Desde el punto de vista contable, la operación implicó un reordenamiento de pasivos: la reducción del rubro “Otros Pasivos” por la cancelación del swap con Estados Unidos fue compensada por un aumento equivalente en las obligaciones con organismos internacionales, sin variación neta en las reservas.

En términos prácticos, el Gobierno logró estirar plazos de vencimiento y modificar la composición de sus acreedores, una maniobra que el oficialismo considera clave para fortalecer el perfil financiero del Estado.

Déficit cero, refinanciamiento y la discusión sobre la solvencia

El eje central del argumento oficial se apoya en la política de déficit fiscal cero. Según la interpretación que difundió Milei junto al análisis de Rallo, el refinanciamiento de vencimientos no incrementa el stock de deuda, sino que posterga su cancelación en el tiempo.

“Refinanciar no es aumentar el monto total del endeudamiento, es pagar más tarde”, sostuvo el economista en el material compartido por el Presidente. Bajo esta lógica, mientras el Estado mantenga el superávit fiscal, la relación deuda/PIB continúa una trayectoria descendente, reforzando la idea de solvencia.

Desde la Casa Rosada destacan que la posibilidad de acceder a nuevo financiamiento internacional constituye una señal concreta de que el mercado no percibe un riesgo inminente de default. En esa línea, fuentes del BCRA aclararon que el crédito utilizado no proviene del Fondo Monetario Internacional (FMI) y evitaron brindar precisiones sobre la tasa de interés o el plazo del nuevo préstamo.

Este movimiento se suma, además, a la cancelación de deudas con el BIS realizada a comienzos de 2024, un antecedente que el Ejecutivo utiliza para mostrar una mejora progresiva en la solvencia del Estado argentino.

Repercusiones políticas y financieras

La defensa pública de Milei busca desactivar un debate que volvió a instalarse en el mercado desde mediados de 2025, cuando distintos analistas advirtieron sobre la sostenibilidad de los compromisos externos. Para el Gobierno, el refinanciamiento confirma que la estrategia financiera se apoya en credibilidad fiscal, acceso al crédito y una administración activa de los pasivos del Banco Central.
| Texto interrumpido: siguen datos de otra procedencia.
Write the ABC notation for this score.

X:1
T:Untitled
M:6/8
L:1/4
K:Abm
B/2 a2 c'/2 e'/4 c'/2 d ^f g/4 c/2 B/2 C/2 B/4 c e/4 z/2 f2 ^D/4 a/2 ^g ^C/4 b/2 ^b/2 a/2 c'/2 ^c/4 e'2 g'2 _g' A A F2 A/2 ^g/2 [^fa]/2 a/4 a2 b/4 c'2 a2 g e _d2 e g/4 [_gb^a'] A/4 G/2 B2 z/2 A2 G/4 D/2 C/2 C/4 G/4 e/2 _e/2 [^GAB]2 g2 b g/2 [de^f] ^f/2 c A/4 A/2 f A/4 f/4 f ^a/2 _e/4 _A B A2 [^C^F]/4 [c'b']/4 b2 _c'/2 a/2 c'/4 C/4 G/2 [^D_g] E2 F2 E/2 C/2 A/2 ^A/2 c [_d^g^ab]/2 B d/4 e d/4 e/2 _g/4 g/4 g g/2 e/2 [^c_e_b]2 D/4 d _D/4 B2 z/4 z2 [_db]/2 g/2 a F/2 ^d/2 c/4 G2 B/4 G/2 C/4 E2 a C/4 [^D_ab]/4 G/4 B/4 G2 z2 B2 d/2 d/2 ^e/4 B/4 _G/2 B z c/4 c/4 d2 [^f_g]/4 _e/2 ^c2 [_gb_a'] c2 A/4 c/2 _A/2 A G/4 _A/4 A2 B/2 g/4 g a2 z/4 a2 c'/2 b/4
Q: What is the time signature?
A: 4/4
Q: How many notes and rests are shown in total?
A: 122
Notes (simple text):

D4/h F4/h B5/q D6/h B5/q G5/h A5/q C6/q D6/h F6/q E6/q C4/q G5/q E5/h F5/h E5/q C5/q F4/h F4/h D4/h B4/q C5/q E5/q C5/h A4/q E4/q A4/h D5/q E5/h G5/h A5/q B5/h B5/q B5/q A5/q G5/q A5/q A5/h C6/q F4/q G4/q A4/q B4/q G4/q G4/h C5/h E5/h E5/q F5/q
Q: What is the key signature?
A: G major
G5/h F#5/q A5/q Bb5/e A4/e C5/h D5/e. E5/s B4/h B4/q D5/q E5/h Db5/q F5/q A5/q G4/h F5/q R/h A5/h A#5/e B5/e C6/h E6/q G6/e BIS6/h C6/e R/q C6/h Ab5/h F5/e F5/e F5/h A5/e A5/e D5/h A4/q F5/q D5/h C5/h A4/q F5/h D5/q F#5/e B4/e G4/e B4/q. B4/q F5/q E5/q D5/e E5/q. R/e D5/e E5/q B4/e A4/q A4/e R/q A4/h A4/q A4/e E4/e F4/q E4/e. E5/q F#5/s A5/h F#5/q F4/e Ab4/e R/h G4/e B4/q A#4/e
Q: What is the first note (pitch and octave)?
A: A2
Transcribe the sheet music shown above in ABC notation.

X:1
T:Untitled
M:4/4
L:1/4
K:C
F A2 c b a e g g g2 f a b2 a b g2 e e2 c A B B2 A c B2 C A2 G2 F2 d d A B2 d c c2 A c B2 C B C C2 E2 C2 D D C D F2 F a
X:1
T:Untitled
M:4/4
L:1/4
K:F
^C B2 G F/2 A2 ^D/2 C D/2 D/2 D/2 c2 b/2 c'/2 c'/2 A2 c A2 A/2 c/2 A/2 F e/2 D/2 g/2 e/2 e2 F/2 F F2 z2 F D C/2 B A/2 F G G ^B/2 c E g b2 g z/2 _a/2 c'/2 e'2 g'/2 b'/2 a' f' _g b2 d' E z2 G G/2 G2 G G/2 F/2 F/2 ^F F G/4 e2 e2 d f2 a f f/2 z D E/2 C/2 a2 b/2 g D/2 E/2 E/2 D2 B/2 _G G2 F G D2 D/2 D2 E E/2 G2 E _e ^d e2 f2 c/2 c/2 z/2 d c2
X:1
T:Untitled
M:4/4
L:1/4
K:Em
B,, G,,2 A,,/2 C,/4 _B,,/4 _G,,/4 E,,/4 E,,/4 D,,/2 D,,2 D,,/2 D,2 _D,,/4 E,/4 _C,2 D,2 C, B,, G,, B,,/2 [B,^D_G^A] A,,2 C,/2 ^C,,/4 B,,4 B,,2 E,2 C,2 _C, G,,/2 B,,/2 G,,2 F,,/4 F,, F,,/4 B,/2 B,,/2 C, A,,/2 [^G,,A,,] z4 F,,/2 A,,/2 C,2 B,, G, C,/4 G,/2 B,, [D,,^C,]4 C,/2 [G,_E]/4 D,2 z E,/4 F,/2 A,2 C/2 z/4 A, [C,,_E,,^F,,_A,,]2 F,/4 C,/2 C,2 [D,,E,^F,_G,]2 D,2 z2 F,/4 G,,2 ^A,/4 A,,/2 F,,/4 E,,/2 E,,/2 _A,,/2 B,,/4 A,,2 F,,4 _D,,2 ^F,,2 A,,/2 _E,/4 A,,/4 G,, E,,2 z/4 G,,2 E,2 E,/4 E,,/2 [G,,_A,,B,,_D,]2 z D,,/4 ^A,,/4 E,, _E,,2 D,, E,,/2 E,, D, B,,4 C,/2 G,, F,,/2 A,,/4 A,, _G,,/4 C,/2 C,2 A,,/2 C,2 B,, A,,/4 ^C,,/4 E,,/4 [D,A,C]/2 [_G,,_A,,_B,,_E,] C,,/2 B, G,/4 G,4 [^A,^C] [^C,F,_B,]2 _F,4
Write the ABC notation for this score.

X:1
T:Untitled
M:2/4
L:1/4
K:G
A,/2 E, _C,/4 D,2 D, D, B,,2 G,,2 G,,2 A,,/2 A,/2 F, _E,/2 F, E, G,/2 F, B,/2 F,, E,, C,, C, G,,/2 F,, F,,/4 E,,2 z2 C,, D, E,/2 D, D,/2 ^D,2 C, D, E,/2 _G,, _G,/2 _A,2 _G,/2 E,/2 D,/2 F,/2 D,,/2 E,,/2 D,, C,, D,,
En el plano político, el mensaje presidencial apunta a consolidar el discurso de orden macroeconómico y disciplina fiscal como ancla de estabilidad, mientras que en el plano financiero refuerza la señal de que el Ejecutivo está dispuesto a utilizar herramientas de mercado para administrar vencimientos sin recurrir a emisión monetaria ni pérdida de reservas.